___ RECORDED INFORMATION

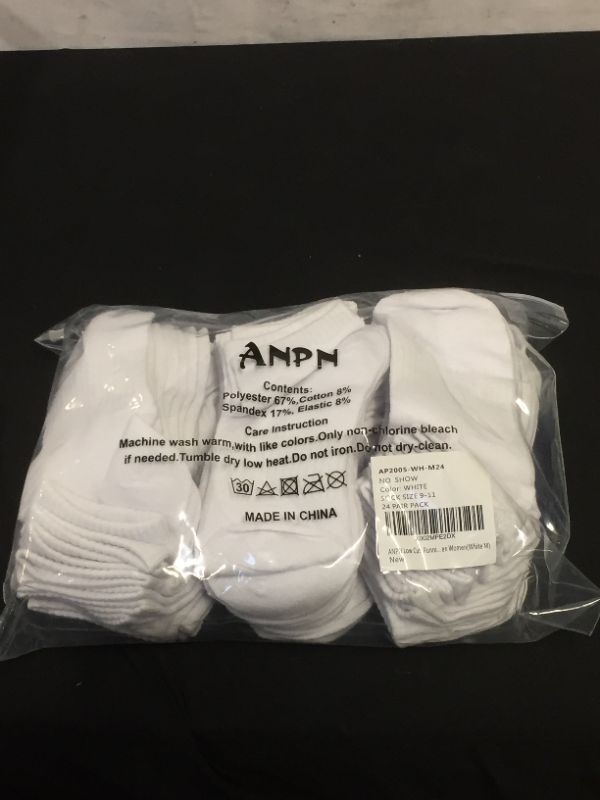 Photo 1 of ANPN Low Cut Running Socks Flat Thin Breathable Bulk Value Pack Wholesale Unisex for Men and Women
24 PAIRS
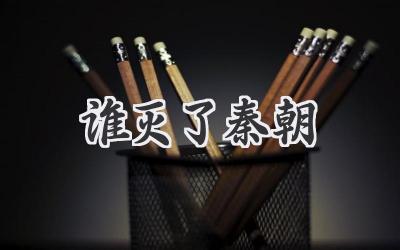 谁灭了秦朝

______

- [TASK DETAILS] Excluding the images, copy all of the material above verbatim.

- [EXPECTED ANSWER]
 Photo 1 of ANPN Low Cut Running Socks Flat Thin Breathable Bulk Value Pack Wholesale Unisex for Men and Women
24 PAIRS
 谁灭了秦朝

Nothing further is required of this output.